• Activity:
All of the data should be output character for character, except the pictures.

• Information provided:
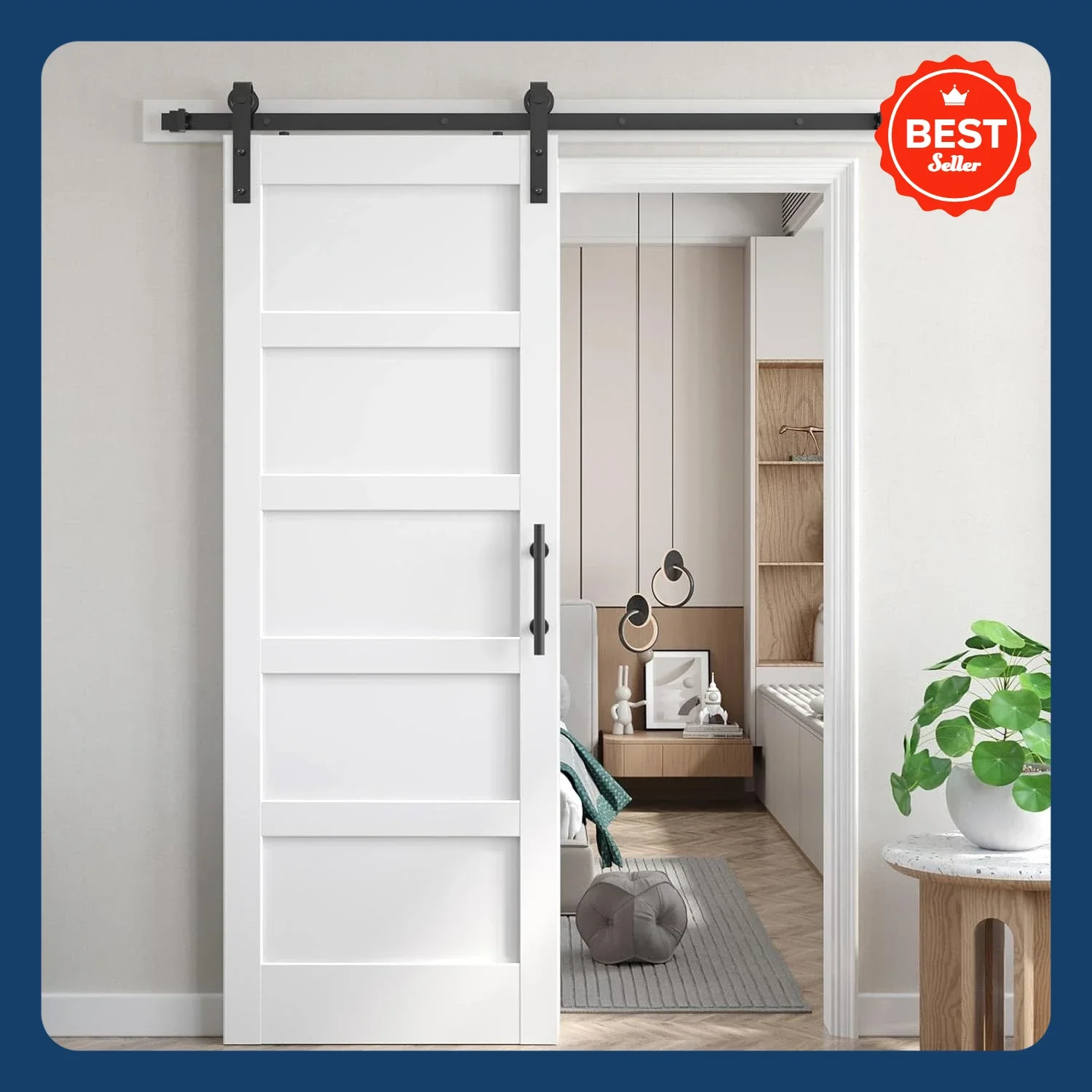 [متجر Helong] باب الحظيرة الأبيض مقاس 32 بوصة × 80 بوصة ومجموعة أدوات باب الحظيرة المنزلقة بطول 5.5 قدم، صلب، MDF، سطح PVC، مجموعة DIY، 5-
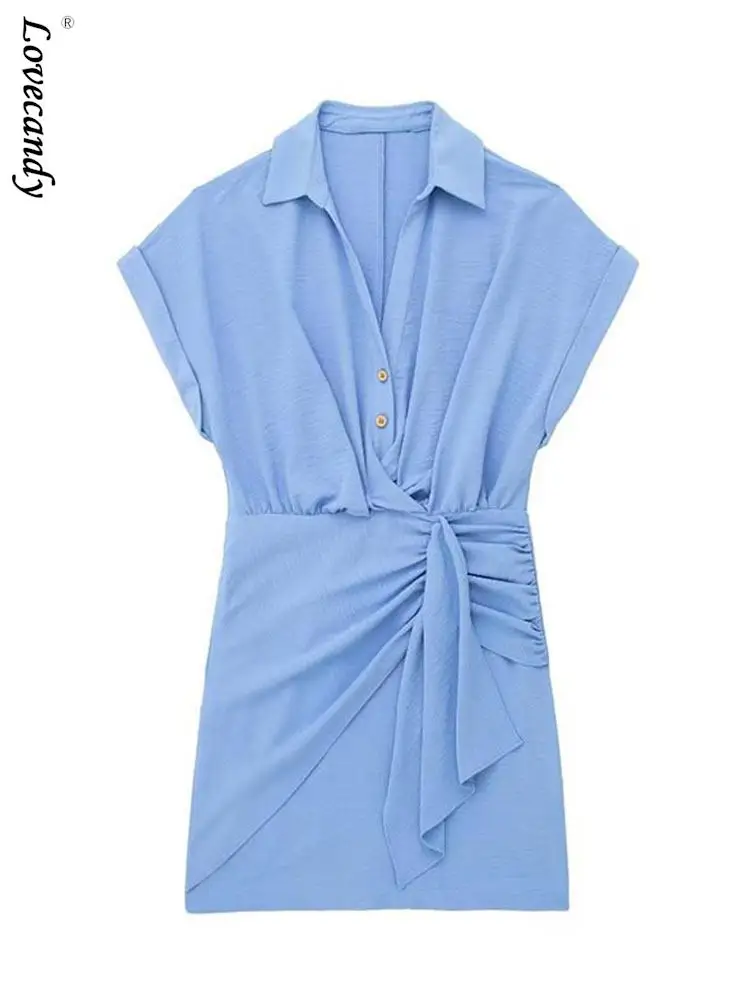 

Женское Плиссированное мини-платье, офисное короткое платье без рукавов с отложным воротником и V-образным вырезом, верхняя одежда синего цвета, лето 2023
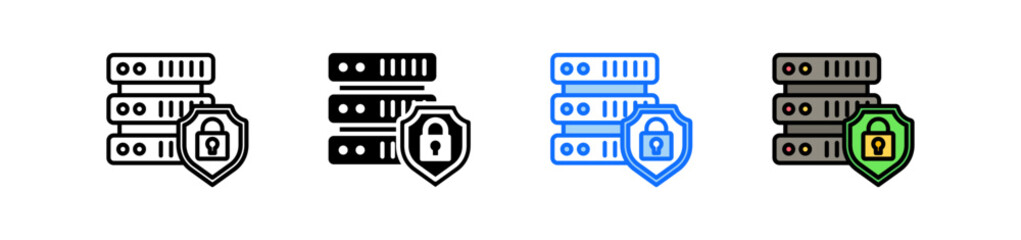 Server Security Icon Set Multiple Style Collection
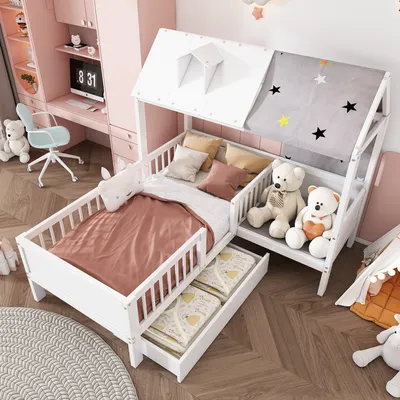 Produktbild von okwish 90*200 cm Hausförmiges Kinderbett mit Zeltstoff und Schubladen, multifunktionales Bett weiß ohne Matratze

• Response for this exercise:
 [متجر Helong] باب الحظيرة الأبيض مقاس 32 بوصة × 80 بوصة ومجموعة أدوات باب الحظيرة المنزلقة بطول 5.5 قدم، صلب، MDF، سطح PVC، مجموعة DIY، 5-

Женское Плиссированное мини-платье, офисное короткое платье без рукавов с отложным воротником и V-образным вырезом, верхняя одежда синего цвета, лето 2023
 Server Security Icon Set Multiple Style Collection
 Produktbild von okwish 90*200 cm Hausförmiges Kinderbett mit Zeltstoff und Schubladen, multifunktionales Bett weiß ohne Matratze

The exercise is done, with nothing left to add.